Federal Rule of Civil Procedure 26 requires that “a party must make expert witness disclosures at the times and in the sequence the court orders.” An expert’s report “must contain a complete statement of all opinions the witness will express and the basis and reasons for them,” as well as “the facts or data considered by the witness in forming them.” Rule 26(e) imposes a duty on an expert to supplement her report “in a timely manner if the party learns that in some material respect the disclosure … is incomplete or incorrect, and if the additional or corrective information has not otherwise been made known to the other parties during the discovery process or in writing.” However, the ability to supplement or correct an expert opinion is not without exception, and it does not allow parties to be reactive in litigation or skirt court-ordered deadlines.

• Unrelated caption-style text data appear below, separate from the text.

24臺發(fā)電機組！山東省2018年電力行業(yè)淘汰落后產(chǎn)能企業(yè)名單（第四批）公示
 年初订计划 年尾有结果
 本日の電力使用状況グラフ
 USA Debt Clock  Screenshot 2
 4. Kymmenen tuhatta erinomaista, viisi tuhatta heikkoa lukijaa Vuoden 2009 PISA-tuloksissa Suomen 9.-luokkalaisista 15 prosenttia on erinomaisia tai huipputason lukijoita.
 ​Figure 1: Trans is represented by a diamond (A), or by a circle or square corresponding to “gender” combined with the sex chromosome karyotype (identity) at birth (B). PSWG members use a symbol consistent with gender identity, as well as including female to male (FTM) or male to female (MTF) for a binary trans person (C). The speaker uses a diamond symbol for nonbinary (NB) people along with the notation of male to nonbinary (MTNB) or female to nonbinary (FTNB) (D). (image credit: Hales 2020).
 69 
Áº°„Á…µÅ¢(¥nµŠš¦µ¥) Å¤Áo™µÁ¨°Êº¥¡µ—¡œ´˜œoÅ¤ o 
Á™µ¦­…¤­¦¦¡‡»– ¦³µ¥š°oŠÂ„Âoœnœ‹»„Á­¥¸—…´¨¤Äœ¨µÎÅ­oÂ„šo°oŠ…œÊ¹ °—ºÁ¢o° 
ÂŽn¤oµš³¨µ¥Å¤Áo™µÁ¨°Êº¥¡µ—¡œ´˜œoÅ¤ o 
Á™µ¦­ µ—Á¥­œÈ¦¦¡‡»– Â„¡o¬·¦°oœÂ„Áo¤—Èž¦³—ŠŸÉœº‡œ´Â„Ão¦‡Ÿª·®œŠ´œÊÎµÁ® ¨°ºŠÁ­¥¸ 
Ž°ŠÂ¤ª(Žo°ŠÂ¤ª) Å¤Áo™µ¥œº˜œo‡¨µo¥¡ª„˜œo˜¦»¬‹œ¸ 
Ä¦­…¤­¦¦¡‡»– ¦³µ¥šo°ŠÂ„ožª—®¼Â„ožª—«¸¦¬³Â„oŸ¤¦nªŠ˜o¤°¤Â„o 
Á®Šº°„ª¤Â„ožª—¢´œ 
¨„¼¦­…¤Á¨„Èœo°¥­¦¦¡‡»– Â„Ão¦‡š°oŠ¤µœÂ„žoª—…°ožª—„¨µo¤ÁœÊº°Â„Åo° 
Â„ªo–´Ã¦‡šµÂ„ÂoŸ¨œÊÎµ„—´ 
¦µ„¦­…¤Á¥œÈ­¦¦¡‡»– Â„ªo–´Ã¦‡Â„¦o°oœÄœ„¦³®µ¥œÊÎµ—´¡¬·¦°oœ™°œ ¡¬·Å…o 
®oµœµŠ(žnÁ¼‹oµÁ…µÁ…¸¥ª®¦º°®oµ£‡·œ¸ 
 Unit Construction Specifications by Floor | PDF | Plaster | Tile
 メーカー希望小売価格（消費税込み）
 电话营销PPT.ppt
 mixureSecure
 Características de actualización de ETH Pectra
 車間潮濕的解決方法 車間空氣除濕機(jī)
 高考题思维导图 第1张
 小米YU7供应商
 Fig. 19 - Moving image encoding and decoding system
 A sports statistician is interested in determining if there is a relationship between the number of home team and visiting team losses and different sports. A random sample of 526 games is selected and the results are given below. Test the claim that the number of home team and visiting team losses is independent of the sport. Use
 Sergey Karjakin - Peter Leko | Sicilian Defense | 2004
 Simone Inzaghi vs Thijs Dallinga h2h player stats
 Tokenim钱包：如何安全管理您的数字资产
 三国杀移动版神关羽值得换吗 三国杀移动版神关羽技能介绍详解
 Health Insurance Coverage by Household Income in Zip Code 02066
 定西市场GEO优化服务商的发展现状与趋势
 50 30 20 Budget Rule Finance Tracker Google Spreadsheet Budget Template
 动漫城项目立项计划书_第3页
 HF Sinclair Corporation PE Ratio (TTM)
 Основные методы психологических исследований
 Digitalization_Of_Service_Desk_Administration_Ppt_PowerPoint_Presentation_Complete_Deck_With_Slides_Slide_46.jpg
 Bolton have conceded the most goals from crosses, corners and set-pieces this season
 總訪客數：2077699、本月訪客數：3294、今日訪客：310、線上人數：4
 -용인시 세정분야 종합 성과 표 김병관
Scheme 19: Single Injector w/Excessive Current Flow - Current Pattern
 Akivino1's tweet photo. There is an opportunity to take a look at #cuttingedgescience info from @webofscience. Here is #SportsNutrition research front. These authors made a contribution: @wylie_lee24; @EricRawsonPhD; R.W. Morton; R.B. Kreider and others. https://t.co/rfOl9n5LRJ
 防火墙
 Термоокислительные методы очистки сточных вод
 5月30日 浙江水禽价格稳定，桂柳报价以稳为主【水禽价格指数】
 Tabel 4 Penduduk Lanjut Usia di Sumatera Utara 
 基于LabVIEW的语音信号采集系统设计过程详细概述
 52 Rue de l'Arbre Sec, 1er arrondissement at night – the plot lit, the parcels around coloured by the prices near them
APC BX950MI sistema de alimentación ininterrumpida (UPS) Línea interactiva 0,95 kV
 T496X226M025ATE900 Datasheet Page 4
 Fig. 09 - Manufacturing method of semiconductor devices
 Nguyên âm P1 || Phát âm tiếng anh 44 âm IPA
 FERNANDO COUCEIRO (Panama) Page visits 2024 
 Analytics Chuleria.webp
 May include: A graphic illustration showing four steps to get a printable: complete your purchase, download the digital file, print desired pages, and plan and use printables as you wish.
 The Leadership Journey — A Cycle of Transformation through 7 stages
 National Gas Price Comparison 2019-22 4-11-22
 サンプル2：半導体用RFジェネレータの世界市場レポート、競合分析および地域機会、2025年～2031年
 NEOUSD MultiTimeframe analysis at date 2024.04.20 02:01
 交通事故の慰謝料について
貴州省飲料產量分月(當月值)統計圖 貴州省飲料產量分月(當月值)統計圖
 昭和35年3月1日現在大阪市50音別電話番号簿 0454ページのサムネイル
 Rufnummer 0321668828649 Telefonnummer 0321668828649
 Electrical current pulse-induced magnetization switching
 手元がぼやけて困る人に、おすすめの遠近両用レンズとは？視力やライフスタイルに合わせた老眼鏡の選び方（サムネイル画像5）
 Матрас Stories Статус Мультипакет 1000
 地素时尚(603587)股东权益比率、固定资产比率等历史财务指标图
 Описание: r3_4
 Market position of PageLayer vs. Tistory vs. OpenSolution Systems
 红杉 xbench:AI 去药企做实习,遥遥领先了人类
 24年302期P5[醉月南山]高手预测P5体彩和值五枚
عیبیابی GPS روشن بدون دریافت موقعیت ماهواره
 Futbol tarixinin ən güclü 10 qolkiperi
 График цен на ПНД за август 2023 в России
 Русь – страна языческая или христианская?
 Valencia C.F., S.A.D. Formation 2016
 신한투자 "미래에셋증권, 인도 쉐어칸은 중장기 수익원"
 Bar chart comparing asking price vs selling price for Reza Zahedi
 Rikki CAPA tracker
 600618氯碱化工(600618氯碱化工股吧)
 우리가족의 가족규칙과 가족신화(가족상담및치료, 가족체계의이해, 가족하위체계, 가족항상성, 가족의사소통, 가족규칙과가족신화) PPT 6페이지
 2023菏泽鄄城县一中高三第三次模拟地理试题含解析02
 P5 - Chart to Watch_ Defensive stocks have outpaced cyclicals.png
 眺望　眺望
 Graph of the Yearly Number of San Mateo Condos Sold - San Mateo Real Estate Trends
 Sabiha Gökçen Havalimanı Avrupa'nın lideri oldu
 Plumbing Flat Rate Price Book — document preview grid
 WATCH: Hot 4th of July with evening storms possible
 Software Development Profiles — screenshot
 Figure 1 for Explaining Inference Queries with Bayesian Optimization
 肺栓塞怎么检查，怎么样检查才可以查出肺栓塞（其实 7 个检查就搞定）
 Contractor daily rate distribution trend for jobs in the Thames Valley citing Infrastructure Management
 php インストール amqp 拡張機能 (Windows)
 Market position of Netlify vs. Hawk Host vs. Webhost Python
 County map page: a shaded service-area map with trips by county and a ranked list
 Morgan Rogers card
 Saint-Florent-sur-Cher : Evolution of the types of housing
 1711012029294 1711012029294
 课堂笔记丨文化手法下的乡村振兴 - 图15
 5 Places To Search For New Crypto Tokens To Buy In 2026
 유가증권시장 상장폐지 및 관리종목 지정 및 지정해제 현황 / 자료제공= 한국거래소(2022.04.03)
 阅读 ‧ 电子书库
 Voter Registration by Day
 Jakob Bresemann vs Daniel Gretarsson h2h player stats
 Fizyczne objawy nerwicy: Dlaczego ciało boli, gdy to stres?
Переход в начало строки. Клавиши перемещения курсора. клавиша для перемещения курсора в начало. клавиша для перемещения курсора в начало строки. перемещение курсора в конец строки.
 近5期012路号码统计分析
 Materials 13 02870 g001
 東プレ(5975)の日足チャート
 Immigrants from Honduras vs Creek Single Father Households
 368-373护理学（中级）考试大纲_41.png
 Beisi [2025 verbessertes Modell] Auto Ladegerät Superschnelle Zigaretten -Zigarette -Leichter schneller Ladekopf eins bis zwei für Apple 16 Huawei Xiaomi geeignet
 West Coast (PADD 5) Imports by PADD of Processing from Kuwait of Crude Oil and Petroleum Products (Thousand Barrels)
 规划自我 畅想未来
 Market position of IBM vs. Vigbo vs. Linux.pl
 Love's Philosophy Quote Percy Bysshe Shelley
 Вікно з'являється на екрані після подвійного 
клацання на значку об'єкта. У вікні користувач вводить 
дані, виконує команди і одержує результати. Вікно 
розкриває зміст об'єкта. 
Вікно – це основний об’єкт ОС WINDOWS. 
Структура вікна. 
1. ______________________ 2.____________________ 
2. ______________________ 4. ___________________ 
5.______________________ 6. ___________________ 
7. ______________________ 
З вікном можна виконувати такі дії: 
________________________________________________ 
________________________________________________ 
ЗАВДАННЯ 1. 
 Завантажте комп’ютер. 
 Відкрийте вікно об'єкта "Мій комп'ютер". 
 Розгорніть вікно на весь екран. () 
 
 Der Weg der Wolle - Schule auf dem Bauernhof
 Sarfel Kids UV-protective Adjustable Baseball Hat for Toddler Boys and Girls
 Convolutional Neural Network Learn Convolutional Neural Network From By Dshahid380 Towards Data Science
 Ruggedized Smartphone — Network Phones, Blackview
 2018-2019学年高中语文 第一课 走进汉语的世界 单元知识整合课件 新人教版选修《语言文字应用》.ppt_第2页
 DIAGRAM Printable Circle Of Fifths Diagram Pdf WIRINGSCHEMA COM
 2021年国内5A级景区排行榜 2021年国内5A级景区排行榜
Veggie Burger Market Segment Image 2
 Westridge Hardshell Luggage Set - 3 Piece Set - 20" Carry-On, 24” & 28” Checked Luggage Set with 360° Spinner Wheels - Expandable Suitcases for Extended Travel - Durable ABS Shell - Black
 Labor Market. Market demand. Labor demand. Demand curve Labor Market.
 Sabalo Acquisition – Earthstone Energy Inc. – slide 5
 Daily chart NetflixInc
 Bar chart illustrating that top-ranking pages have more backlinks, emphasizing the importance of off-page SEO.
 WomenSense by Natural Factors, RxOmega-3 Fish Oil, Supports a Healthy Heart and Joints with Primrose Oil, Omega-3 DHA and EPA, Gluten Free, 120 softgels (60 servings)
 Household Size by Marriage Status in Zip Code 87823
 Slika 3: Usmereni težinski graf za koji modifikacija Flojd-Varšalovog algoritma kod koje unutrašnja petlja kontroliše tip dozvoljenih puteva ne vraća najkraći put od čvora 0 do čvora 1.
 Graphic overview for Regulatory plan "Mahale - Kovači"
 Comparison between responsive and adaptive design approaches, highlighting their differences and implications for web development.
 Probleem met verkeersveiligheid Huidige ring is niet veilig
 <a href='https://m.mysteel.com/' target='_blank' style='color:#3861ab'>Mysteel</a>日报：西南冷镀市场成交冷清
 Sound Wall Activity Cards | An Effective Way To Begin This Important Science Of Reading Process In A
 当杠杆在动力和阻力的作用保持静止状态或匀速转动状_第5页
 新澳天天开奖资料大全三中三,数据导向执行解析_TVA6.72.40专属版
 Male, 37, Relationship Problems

The Eleventh Circuit Court of Appeals “has been unequivocal … that a ‘party cannot abuse Rule 26(e) to merely bolster a defective or problematic expert witness report.’” See Goins v. Carnival, 2017 U.S. Dist. LEXIS 219151, *4 (S.D. Fla. March 3, 2017). In Goins, Florida’s Southern District again echoed that it is within a federal court’s discretion to sanction a party for the failure to comply with expert disclosure obligations. In that case, the court struck a supplemental expert report because it was served three months after the expert disclosure deadline and within 24 hours of the expert’s deposition. The party disclosing the supplemental expert opinion cited to lingering discovery disputes and delayed witness depositions as the basis for supplying a supplemental report, but the court rejected those explanations as insufficient. The court observed the expert disclosure requirements of Rule 26 are designed to provide parties a reasonable opportunity to prepare for effective cross examination and, if necessary, arrange for expert testimony from other witnesses. A more recent case illustrates what can happen when a party attempts to label an initial opinion as a “supplemental” one.

In Tessina Holdings Pty. v. Trend, S.P.A., 2018 U.S. Dist. LEXIS 171017 (S.D. Fla. Oct. 1, 2018), the Southern District Court encountered a more extreme version of the facts in Goins. There, the defendants had initially submitted a three-page rebuttal report that the court agreed was akin to “a notice of appearance for an expert,” largely because it provided no substantive analysis or calculations at all and was, in essence, a mere placeholder. Ten months later, at the rebuttal expert’s deposition on the final day of discovery, the rebuttal expert offered what was labeled as a “supplemental report” that, for the first time, contained analysis and an opinion. The expert also testified that she was not given any documents to review until nearly nine months after her initial “report.” Following a hearing and detailed briefing on the issue, the magistrate judge recommended that the “supplemental” report be stricken and the opinions be excluded, ruling that Federal Rule 26 had been violated and that the delays were neither justified nor harmless under Rule 37.

While the striking of an expert report is a serious step and courts have discretion on the issue, there are some clear guidelines on how to avoid being left without an expert opinion. While it may seem obvious, timely seek an extension of time if your expert requires more time to investigate the facts and review bona fide documents that are legitimately necessary to render the expert opinion. If it becomes necessary to supplement the expert report at a later date, do so as expeditiously as possible in order to provide the other side with sufficient notice. An opposing party will need adequate time to analyze a supplemental report and confer with their own expert before discovery closes, and this is a significant factor for a court’s determination on whether or not a supplemental report is prejudicial. You and your client will be thankful if you properly mind your expert.